[Tex/LaTex] General text/string manipulation from within LaTeX

text manipulation

Is there a way to easily code from within (La)TeX some text manipulation stuff, like "find" and "replace", so that I may automatize tedious manual labor ?

(EDIT It was mentioned in the comments by Christian Hupfer that l3regex might be a solution, covering the constraints mentioned below – although David Carlisle said "no". Which one is it ?)

There are some important constraints though:

  • The approach has to be general, i.e. only using macros won't work, because I may want to do things like replace all occurences of "=" with ">".

  • I don't want to use LuaTeX (where I have heard that this can be done easily)

  • Coding should ideally by done in the preamble.

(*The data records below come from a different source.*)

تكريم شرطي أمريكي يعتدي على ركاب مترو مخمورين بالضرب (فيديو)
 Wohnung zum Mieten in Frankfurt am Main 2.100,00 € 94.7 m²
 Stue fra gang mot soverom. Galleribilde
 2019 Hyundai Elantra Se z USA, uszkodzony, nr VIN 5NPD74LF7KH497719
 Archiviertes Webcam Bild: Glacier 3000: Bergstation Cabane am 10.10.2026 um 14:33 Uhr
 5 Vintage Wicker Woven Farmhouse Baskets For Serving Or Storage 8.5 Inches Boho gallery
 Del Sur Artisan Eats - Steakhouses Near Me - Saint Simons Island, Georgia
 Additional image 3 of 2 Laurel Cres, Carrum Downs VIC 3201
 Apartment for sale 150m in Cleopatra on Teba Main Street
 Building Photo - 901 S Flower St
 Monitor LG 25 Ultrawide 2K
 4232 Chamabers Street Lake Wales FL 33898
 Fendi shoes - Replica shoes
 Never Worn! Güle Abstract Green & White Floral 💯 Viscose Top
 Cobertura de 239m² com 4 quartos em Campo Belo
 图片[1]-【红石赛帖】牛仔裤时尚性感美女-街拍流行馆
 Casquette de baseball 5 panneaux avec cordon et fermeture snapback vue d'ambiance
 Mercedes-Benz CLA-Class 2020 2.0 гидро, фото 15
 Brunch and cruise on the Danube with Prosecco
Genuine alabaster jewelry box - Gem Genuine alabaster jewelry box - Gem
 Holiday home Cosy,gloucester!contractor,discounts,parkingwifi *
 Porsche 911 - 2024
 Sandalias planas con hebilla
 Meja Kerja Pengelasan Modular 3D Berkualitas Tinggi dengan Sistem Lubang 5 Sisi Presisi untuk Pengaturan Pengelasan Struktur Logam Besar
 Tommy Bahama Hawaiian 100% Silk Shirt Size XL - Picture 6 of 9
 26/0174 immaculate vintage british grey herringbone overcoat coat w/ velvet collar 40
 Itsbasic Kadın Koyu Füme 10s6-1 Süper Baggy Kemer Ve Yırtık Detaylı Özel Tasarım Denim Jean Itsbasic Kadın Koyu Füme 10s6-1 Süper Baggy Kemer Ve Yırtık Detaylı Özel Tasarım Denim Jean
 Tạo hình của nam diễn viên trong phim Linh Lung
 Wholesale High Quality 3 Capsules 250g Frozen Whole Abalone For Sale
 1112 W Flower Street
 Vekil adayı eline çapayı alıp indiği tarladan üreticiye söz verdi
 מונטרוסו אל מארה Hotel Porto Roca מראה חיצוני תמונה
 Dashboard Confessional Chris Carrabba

As indicate here this can be done easily via the xstring package, but that has the disadvantage that if I want to search around the whole text (which can be quite large) I have to enclose everything in a \StrSubstitute[0] which seems an ugly approach and requires me to mess with the content of my document which I'd rather leave untouched.

  • At the very least I should be able to do text replacement, but I'd hope for some more advanced capabilities, meaning to have available at least a subset of the capabilities, regarding text manipulation, of a linux scripting language like sed

Best Answer

You've stated that you "may want to do things like replace all occurrences of = with >" and also that "[c]oding should ideally by done in the preamble".

I'm going to keep my fingers crossed that you'll reconsider the decision not to use LuaLaTeX. Lua (the programming language) has a very flexible and powerful string library, and LuaTeX offers several ways to assign Lua-coded functions to various "callbacks" -- meeting your requirement that the coding should be all done in the preamble. In the following example, the function eq2gt (which, as its name suggests, replaces all instances of = with >) is assigned to the process_input_buffer callback, which operates at a very early stage of processing, viz., before TeX's "eyes" start their processing. That way, the eq2gt function can act as a pre-processor, modifying parts of the input file "on the fly" before the typesetting job itself commences.

% !TEX TS-program = lualatex
\documentclass{article}

%% Lua-side code
\usepackage{luacode}
\begin{luacode}
function eq2gt ( buff )
   return ( string.gsub ( buff , "=" , ">" ) )
end
\end{luacode}

%% TeX-side code
\AtBeginDocument{\luadirect{luatexbase.add_to_callback(
   "process_input_buffer" , eq2gt , "eq2gt" )}}

\begin{document} 
\[
1+1+1=2    % not correct...
\]

$1-1-1=-2$ % not correct either...
\end{document}